Die Ensembles bestehen im Kern aus Metallophonen, einzelnen Gongs, Gongreihen und Trommeln (kendang). Dazu kommen je nach Stil Flöten (suling), Streichlauten (rebab), Xylophone, Schüttelidiophone aus Bambus (angklung) und Gesang. Nur die solistisch eingesetzten Instrumente improvisieren über die Kernmelodie, die von den Metallophonen vorgetragen wird. Die Kernmelodie besteht aus Patterns, die umspielt werden. Das Zusammenklingen von Kernmelodie und Auszierung wird als „innere Melodie“ aufgefasst.

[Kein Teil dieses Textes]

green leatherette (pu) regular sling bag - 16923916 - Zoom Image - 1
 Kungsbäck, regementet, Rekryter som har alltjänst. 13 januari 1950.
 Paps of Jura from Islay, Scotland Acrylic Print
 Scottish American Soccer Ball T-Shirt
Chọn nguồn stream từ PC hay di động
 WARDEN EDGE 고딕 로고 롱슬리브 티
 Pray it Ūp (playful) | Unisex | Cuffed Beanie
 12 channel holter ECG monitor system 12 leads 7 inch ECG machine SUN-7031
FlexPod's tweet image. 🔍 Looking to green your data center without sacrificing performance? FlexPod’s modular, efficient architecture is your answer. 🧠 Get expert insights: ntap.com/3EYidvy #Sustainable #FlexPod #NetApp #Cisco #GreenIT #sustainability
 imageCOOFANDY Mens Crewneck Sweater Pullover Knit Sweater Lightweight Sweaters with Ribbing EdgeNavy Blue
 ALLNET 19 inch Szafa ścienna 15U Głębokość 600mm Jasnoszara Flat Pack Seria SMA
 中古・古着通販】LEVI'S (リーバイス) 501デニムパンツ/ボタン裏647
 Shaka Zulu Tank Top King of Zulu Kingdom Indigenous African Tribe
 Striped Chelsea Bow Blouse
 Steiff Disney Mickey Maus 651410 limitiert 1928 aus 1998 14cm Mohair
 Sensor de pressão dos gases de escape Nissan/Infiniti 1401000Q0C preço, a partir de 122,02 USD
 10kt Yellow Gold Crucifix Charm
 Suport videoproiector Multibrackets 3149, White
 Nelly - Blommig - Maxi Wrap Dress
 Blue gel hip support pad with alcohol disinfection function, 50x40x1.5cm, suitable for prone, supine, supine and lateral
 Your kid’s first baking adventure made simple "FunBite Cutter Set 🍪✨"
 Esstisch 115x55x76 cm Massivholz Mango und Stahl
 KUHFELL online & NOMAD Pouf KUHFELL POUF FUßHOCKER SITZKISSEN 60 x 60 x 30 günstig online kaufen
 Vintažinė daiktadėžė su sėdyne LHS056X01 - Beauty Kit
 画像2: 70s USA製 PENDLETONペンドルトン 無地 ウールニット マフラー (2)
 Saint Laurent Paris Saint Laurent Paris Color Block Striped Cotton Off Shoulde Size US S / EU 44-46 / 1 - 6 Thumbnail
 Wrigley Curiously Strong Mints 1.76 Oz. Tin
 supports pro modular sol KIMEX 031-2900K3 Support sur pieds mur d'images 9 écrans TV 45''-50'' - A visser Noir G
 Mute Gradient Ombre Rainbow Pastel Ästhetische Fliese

Die Stimmung ist je nach Musikrichtung unterschiedlich und variiert auch von Ensemble zu Ensemble. Es gibt Gamelans mit 4, 5 und 7 Tönen pro Oktave. Die für westliche Hörer ungewöhnlichen Schwingungsverhältnisse von beispielsweise 1,7 f und 2,29 f zum Grundton f stammen von den seit über 1600 Jahren in Indonesien hergestellten runden Klangplatten. Bei diesen schwingen einerseits gegenüberliegende Platteninnere gegeneinander und andererseits Ränder und Platteninnere gegeneinander.

Gamelanmusik erklingt zu verschiedenen Anlässen, etwa zu religiösen Feiern, sozialen Anlässen wie Hochzeiten oder Geburten, als Begleitung zu Tänzen und wayang-Aufführungen wie Puppentheatern (wayang golek, wayang klitik), Schattenspielen (wayang kulit) und dem seltenen Bildrollendrama (wayang beber).

Einige zum Teil sehr alte Ensembles findet man noch heute an den Fürstenhöfen (Kraton) von Yogyakarta und Surakarta in Zentraljava.

Gamelan kommen außerhalb ihres Kernbereiches Zentraljava, Ostjava und Bali auch auf der Insel Lombok vor; in Westjava verwendet das Degung-Ensemble ähnliche Gongspiele. Auf der Insel Madura vor der Nordküste Javas übernimmt im Gamelan Saronen das Doppelrohrblattinstrument saronen die Melodieführung.

Von Gamelan abgeleitete Instrumente und Spielweisen werden in der Minahasa-Region von Nordsulawesi, in Teilen von Mindanao und auf einigen dazwischen liegenden Inseln Kulintang genannt. Die für das Gamelan typischen Buckelgongs werden traditionell auch auf Sumatra gespielt; der Einfluss des Gamelan prägt die klassische Musik Südostasiens zwischen Malaysia, Myanmar, Laos und Kambodscha.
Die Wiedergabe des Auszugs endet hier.